◆ **Task objective**:
From the line that contains "The garage features" to the final line of the records below, print each line exactly and leave every picture out.
^^^^^^^^
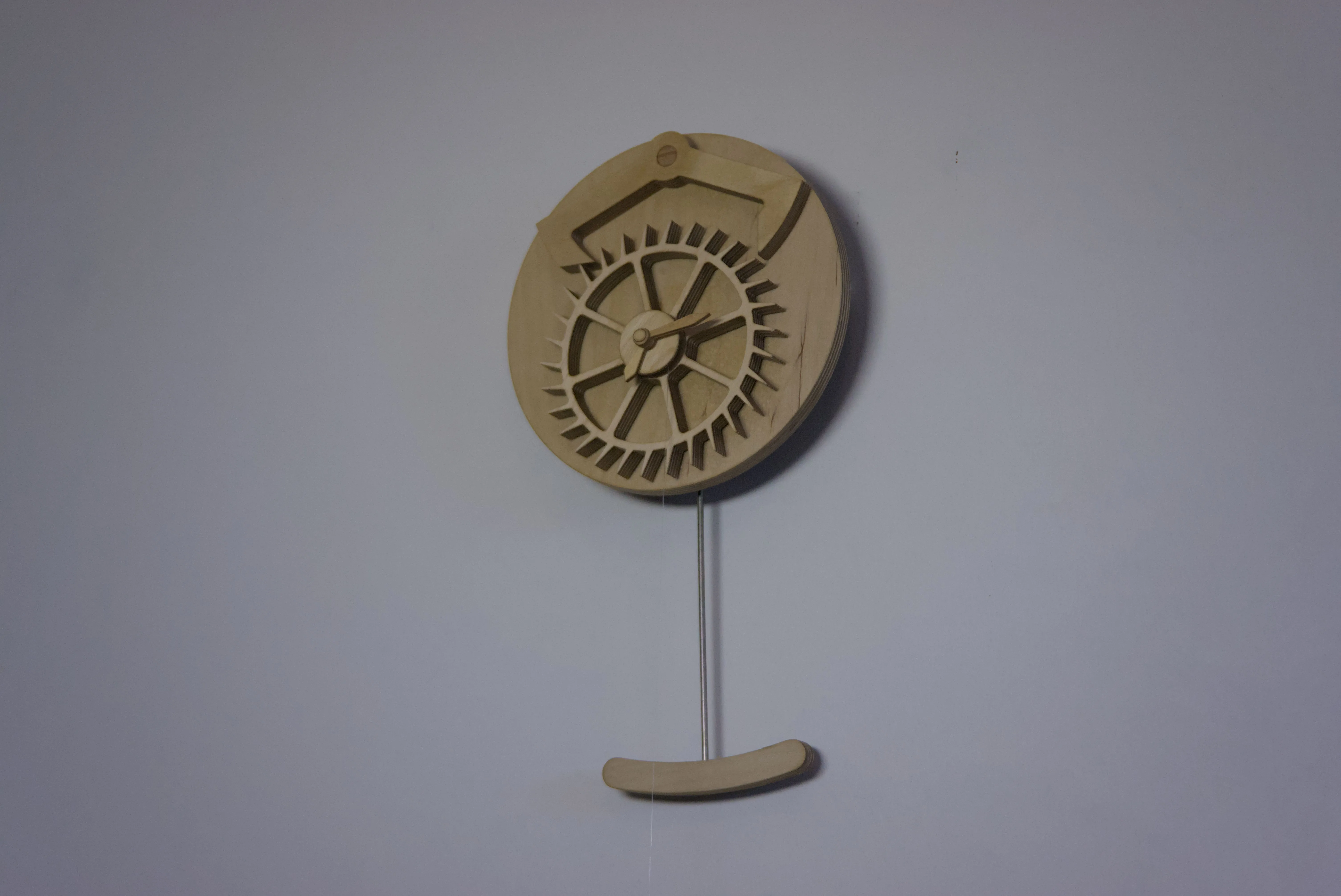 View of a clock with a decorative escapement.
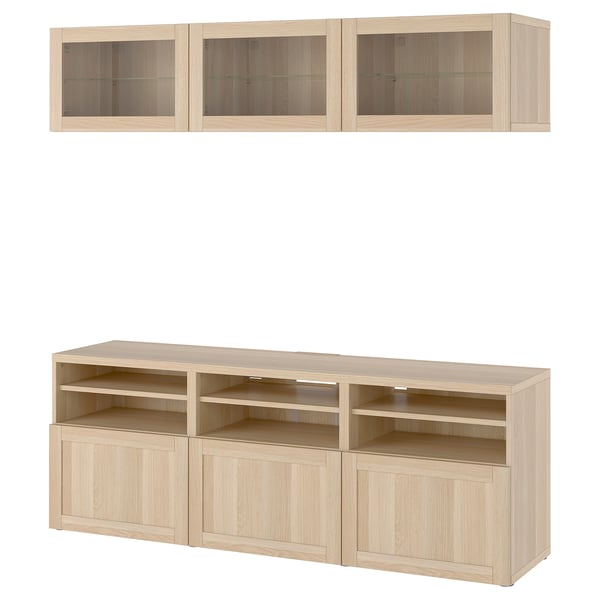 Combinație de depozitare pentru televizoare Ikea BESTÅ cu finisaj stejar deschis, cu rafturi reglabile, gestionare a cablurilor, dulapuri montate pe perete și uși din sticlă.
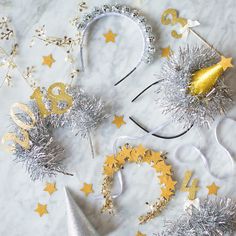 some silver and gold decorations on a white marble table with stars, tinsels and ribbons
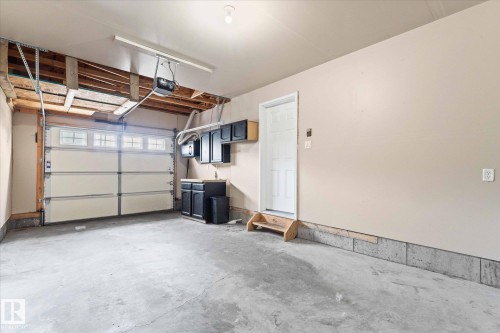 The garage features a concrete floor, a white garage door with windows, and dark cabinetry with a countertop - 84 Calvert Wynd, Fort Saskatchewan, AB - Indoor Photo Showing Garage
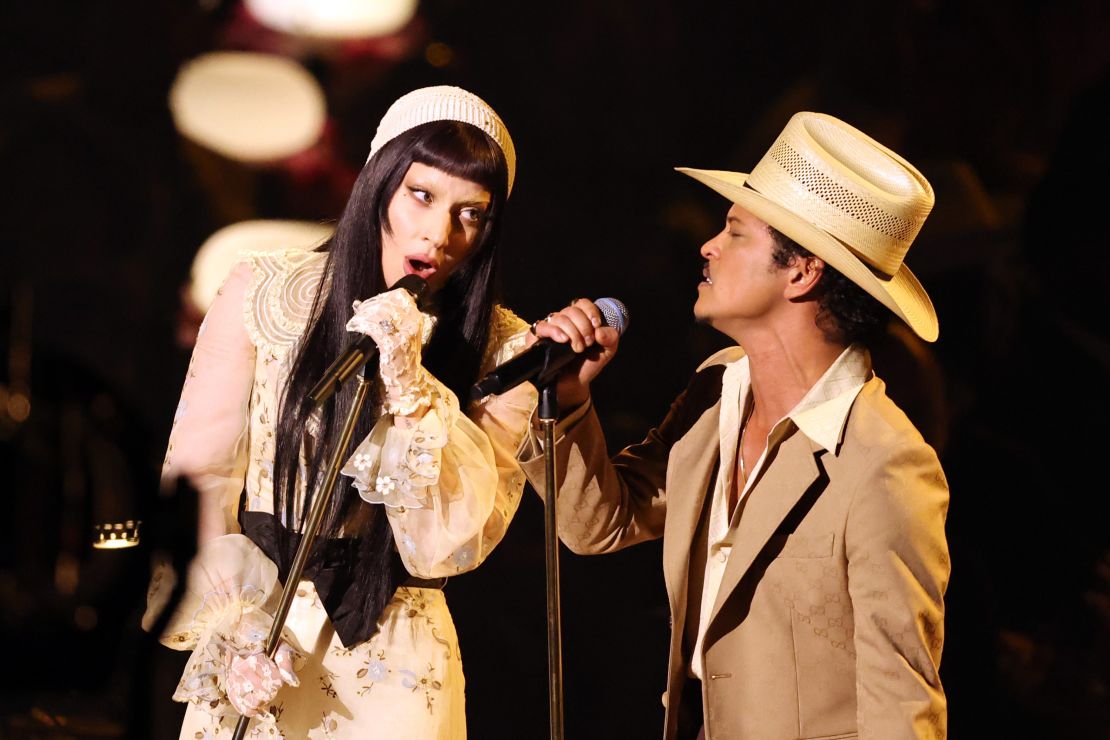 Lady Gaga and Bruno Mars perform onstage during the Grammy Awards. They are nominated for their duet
^^^^^^^^
◆ **Response for this exercise**:
 The garage features a concrete floor, a white garage door with windows, and dark cabinetry with a countertop - 84 Calvert Wynd, Fort Saskatchewan, AB - Indoor Photo Showing Garage
 Lady Gaga and Bruno Mars perform onstage during the Grammy Awards. They are nominated for their duet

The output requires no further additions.